Я взял Люсьена за руку, подвел к креслу и сам сел рядом с ним.
— Но, — проговорил я, все больше поражаясь тому, что вижу его, — вы, должно быть, были уже в дороге когда узнали эту ужасную новость?
— Нет, я был в Суллакаро.
— Невозможно! Письмо вашего брата едва ли еще пришло.
— Вы забыли балладу о Бюргере, мой дорогой Александр. «Мертвые ходят быстро!»
Я содрогнулся.
— Что вы хотите сказать? Объясните, не понимаю.
— А вы не забыли, что я вам рассказывал о видениях в нашей семье?
— Вы видели вашего брата? — воскликнул я.
— Да.
— Когда же?
— В ночь с шестнадцатого на семнадцатое.
— И он вам все сказал?
— Все.
— Он вам сказал, что он мертв.
— Он мне сказал, что убит: мертвые не лгут.
— А он вам сказал, как это произошло?
— На дуэли.
— С кем?
— С господином де Шато-Рено.
— Не может быть! — воскликнул я. — Нет, вы узнали об этом каким-то другим путем?
— Вы думаете, что я расположен шутить?
— Извините! Но, в самом деле, то, что вы говорите, так необычно. И все что с вами происходит, с вами и вашим братом, настолько выходит за рамки привычного…
— Что вы не хотите в это верить, не так ли? Я понимаю! Но посмотрите, — сказал он и распахнул рубаху, показывая мне синюю отметину на коже над шестым правым ребром, — в это вы верите?
— Действительно, — воскликнул я, — именно на этом месте была рана у вашего брата.
— И пуля вышла вот здесь, не так ли?… — продолжил Люсьен, показывая пальцем над левым бедром.
— Фантастично! — воскликнул я.
— А теперь, — сказал он, — хотите я вам скажу в котором часу он умер?
— Говорите!
— В девять часов десять минут.
— Послушайте, Люсьен, расскажите мне все по порядку: я ума не приложу, о чем вас спросить, чтобы услышать ваши невероятные ответы. Мне больше по душе связанный рассказ.
XIX
Люсьен облокотился на кресло, пристально поем стрел на меня и продолжил:
— Да, Боже мой, все очень просто. В день, когда убили брата, я выехал на лошади ранним утром, собираясь навестить наших пастухов со стороны Карбони. Как вдруг, после того как я посмотрел на часы и убрал их в карман жилета, я получил такой сильный удар под ребро, что потерял сознание. Когда я вновь открыл глаза, то уже лежал на земле и меня поддерживал Орланди, который поливал мне водой лицо. Моя лошадь была в четырех шагах от меня, она стояла, повернув морду ко мне, раздувая ноздри и отфыркиваясь.

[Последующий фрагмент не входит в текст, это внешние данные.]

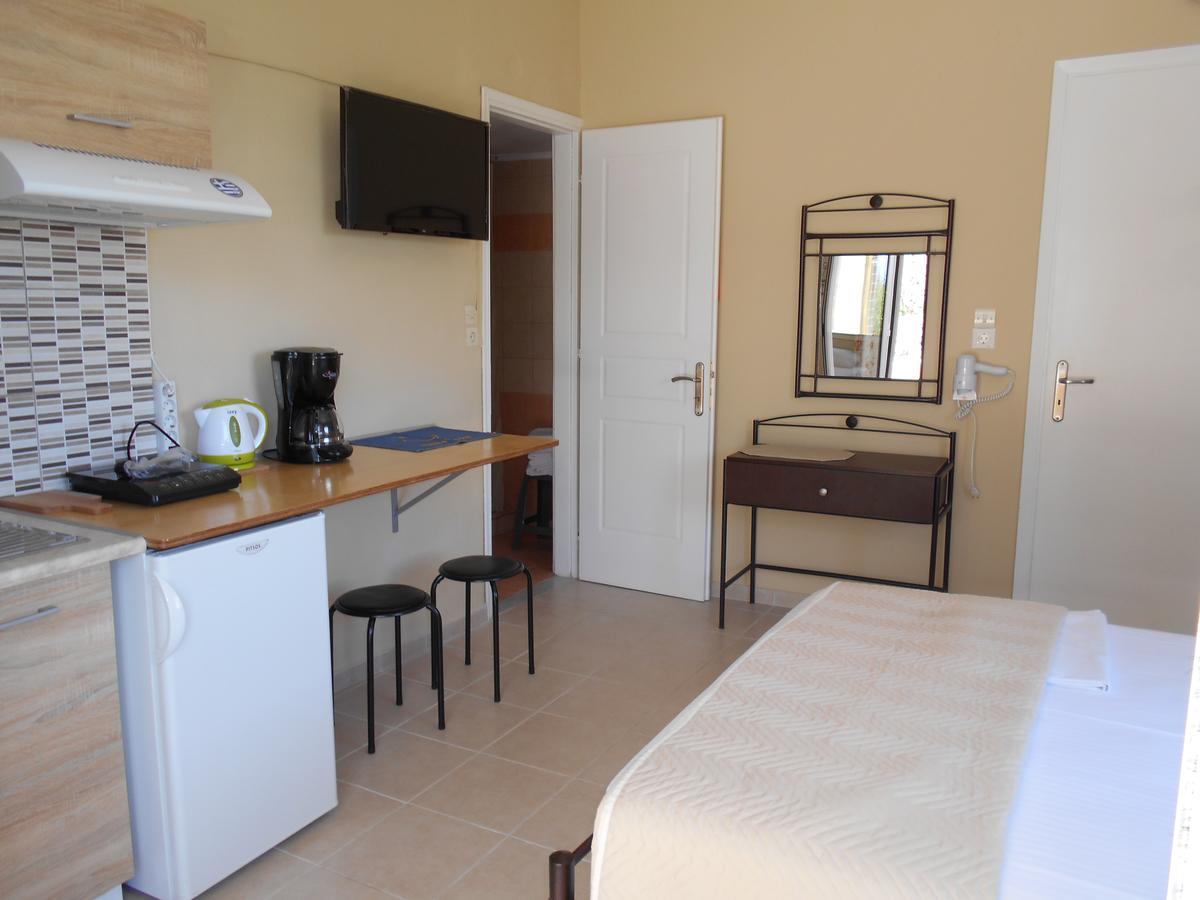 Zephyros Rooms And Apartments Drimónasz Kültér fotó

— Так что же с вами случилось? — спросил Орланди.
— Боже, — ответил я, — да я и сам ничего не знаю, А вы не слышали выстрела?
— Нет.
— Мне кажется, что мне сюда попала пуля.
И я показал ему место, где ощущал боль.
— Во-первых, — заметил он, — не было никакого выстрела ни из ружья, ни из пистолета, а во-вторых, у вас нет дырки на сюртуке.
— Значит, — ответил я, — это убили моего брата.
— А, это другое дело, — ответил он.
Я расстегнул сюртук и нашел отметину, которую только что вам показал. Единственное, она поначалу была свежей и казалась кровоточащей.
На какое-то мгновение я потерял контроль над собой, настолько я был сломлен этой двойной болью: физической и моральной. Я хотел вернуться в Суллакаро, но я подумал о матери: она ждала меня лишь к ужину, и надо было как-то объяснить причину возвращения, а мне ей нечего было сказать.